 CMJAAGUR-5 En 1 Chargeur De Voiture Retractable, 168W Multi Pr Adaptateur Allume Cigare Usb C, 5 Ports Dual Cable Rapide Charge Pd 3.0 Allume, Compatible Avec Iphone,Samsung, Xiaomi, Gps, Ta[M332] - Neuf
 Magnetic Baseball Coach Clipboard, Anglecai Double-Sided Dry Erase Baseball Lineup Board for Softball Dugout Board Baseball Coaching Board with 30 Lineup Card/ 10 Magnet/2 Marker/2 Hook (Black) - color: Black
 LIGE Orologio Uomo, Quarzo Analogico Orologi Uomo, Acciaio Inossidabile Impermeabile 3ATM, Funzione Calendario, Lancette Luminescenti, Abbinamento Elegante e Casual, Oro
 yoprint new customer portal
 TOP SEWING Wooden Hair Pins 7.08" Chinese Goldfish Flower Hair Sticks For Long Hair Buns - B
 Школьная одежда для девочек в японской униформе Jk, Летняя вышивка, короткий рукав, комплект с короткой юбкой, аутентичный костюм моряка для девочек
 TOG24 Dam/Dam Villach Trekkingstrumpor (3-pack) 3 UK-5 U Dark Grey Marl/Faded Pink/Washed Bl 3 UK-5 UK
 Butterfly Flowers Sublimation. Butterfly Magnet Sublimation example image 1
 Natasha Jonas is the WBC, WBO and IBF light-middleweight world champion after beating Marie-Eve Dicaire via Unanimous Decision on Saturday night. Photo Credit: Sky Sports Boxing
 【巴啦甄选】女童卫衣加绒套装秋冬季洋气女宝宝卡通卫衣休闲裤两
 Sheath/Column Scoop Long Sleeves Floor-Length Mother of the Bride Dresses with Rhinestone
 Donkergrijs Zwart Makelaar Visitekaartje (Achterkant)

▸ **THE TASK**
Send back exactly the lines of the listing above, beginning at the line containing "yoprint new customer portal" and ending with the last. Add nothing.

▸ **EXERCISE RESULT**
 yoprint new customer portal
 TOP SEWING Wooden Hair Pins 7.08" Chinese Goldfish Flower Hair Sticks For Long Hair Buns - B
 Школьная одежда для девочек в японской униформе Jk, Летняя вышивка, короткий рукав, комплект с короткой юбкой, аутентичный костюм моряка для девочек
 TOG24 Dam/Dam Villach Trekkingstrumpor (3-pack) 3 UK-5 U Dark Grey Marl/Faded Pink/Washed Bl 3 UK-5 UK
 Butterfly Flowers Sublimation. Butterfly Magnet Sublimation example image 1
 Natasha Jonas is the WBC, WBO and IBF light-middleweight world champion after beating Marie-Eve Dicaire via Unanimous Decision on Saturday night. Photo Credit: Sky Sports Boxing
 【巴啦甄选】女童卫衣加绒套装秋冬季洋气女宝宝卡通卫衣休闲裤两
 Sheath/Column Scoop Long Sleeves Floor-Length Mother of the Bride Dresses with Rhinestone
 Donkergrijs Zwart Makelaar Visitekaartje (Achterkant)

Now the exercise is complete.